Natural rubber; vegetable oils; vulcanization


Efeito do óleo de linhaça e do óleo de amendoim sobre a vulcanização da borracha natural (NR). parte II: modelo detalhado

Effect of linseed oil and peanut oil upon natural rubber (NR) vulcanization. part II: detailed model

Alexandre BezerraI; Alex. C. S. SantosI; Helson M. da CostaI; Valéria D. RamosII; Helson M. da CostaII

IDepartamento de Materiais (DEMAT), Instituto Politécnico (IPRJ), Universidade do Estado do Rio de Janeiro (UERJ)

IIUniversidade Estácio de Sá (UNESA)

Autor para correspondência Autor para correspondência: Helson M. da Costa Departamento de Materiais - DEMAT, Instituto Politécnico do Rio de Janeiro - IPRJ, Universidade do Estado do Rio de Janeiro - UERJ Rua Bonfim, 25, Vila Amélia CEP 28625-570, Nova Friburgo, RJ, Brasil e-mail: hmcosta@iprj.uerj.br

RESUMO

O efeito da substituição total ou parcial do ácido esteárico por óleos vegetais de linhaça e amendoim foi investigado em composições de borracha natural (NR). Um sistema de vulcanização convencional foi escolhido e os estudos cinéticos foram conduzidos nas temperaturas de 160 ºC, 170 ºC e 180 ºC. O modelo cinético detalhado permitiu estudar os diferentes estágios da vulcanização e verificar que na etapa de formação do precursor de ligações cruzadas (A → B) houve diferenças significativas entre o ácido esteárico e os óleos vegetais. Tal resultado foi devido à presença expressiva de ácidos graxos insaturados na composição química dos óleos de linhaça e de amendoim (principalmente, os ácidos oléico e linolênico), o que facilitou a ocorrência de reações laterais inesperadas e, consequentemente, diminuiu o rendimento final de ligações cruzadas nos vulcanizados.

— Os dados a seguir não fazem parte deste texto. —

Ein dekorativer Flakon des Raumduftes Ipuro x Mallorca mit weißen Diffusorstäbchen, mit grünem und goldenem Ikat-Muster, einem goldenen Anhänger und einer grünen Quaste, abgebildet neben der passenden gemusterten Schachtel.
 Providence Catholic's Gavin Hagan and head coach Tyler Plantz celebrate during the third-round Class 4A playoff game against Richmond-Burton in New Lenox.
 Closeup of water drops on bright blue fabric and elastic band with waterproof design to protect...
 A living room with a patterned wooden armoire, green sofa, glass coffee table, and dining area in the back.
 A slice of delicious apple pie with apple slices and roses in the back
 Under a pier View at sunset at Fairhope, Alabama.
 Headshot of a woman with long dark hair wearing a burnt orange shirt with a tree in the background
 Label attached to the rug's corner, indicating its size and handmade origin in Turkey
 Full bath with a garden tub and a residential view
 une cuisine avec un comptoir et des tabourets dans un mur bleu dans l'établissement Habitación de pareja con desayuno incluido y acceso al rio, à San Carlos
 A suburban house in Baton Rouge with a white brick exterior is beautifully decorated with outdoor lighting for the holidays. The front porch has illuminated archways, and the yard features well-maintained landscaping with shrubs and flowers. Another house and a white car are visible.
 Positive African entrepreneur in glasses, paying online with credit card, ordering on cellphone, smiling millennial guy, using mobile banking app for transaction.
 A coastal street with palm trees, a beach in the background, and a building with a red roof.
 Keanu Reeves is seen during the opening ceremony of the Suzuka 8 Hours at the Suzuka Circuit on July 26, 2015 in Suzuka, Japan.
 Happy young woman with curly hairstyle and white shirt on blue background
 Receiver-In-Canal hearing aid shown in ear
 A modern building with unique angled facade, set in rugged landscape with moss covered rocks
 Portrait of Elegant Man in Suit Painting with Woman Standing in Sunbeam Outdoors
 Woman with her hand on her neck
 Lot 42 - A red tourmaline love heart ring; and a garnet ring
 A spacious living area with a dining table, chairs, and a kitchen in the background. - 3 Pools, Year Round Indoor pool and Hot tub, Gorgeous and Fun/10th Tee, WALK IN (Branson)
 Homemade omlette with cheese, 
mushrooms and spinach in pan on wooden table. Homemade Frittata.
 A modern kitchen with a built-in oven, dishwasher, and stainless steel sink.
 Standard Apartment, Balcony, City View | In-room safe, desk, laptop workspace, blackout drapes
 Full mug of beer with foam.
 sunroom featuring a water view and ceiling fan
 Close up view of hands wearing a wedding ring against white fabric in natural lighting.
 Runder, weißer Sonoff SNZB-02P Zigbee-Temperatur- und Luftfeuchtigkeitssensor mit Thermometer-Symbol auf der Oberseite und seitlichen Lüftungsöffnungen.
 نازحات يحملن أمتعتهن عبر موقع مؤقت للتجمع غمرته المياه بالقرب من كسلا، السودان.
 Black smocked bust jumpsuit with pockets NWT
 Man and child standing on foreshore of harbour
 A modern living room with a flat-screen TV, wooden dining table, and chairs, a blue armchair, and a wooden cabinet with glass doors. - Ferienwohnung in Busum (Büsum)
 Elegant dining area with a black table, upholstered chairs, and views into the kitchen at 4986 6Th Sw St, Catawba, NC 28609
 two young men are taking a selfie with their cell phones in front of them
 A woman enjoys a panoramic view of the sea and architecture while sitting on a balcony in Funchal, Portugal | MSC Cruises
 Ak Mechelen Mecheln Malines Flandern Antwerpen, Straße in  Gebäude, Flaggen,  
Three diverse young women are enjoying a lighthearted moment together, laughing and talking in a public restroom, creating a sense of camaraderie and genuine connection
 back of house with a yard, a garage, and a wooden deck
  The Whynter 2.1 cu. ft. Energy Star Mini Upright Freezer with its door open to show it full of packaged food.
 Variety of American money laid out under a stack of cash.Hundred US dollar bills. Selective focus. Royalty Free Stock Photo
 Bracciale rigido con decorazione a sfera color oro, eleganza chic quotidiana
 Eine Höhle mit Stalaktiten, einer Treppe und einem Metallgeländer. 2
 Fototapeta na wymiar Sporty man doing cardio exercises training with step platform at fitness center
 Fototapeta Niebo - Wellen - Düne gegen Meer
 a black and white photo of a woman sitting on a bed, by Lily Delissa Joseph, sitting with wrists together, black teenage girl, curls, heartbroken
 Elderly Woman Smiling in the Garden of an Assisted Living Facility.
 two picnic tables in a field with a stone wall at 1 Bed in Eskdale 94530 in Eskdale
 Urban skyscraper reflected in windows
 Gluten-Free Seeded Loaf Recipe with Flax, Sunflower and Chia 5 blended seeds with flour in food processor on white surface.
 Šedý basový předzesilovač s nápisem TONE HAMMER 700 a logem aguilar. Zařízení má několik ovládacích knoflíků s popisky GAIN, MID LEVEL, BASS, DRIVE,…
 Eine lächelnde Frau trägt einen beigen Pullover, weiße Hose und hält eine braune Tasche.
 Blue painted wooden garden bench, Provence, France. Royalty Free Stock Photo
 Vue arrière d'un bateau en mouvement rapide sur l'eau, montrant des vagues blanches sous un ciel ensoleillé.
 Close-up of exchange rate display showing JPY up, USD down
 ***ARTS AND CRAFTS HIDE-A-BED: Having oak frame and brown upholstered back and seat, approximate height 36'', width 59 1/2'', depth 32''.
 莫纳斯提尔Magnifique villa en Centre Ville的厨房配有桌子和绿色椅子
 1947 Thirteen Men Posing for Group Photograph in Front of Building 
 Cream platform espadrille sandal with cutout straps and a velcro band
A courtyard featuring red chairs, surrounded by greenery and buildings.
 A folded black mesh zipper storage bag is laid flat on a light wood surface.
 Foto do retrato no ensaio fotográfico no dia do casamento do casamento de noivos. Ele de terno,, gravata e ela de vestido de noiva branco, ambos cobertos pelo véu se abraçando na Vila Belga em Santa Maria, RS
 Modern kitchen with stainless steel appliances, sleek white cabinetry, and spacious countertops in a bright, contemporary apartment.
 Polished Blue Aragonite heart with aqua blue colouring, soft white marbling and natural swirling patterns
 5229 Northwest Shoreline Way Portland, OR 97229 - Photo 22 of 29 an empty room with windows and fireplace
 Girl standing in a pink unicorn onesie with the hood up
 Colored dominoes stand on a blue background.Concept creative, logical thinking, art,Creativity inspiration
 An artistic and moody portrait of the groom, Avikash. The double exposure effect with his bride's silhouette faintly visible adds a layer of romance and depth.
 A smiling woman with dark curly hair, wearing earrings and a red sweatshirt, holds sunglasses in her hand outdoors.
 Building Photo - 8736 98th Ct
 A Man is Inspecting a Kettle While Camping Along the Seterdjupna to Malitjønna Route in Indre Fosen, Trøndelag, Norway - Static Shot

Palavras-chave: Borracha natural, óleos vegetais, vulcanização.

ABSTRACT

The effect of the total or partial replacement of stearic acid with vegetable oils of linseed and peanut has been investigated in natural rubber (NR) compositions. A conventional vulcanization system has been chosen and kinetic studies have been done in the temperatures of 160 ºC, 170 ºC and 180 ºC. The detailed kinetic model has allowed studying the different stages of vulcanization and verifying that in the formation of the crosslink precursor (A → B) there were significant differences between stearic acid and the vegetable oils. This result has been attributed to the high concentration of unsaturated fat acids in the chemical composition of the vegetable oils (mainly, oleic and linolenic acids), which allowed unexpected side reactions and, consequently, diminished the final yield of crosslinking in the vulcanizates.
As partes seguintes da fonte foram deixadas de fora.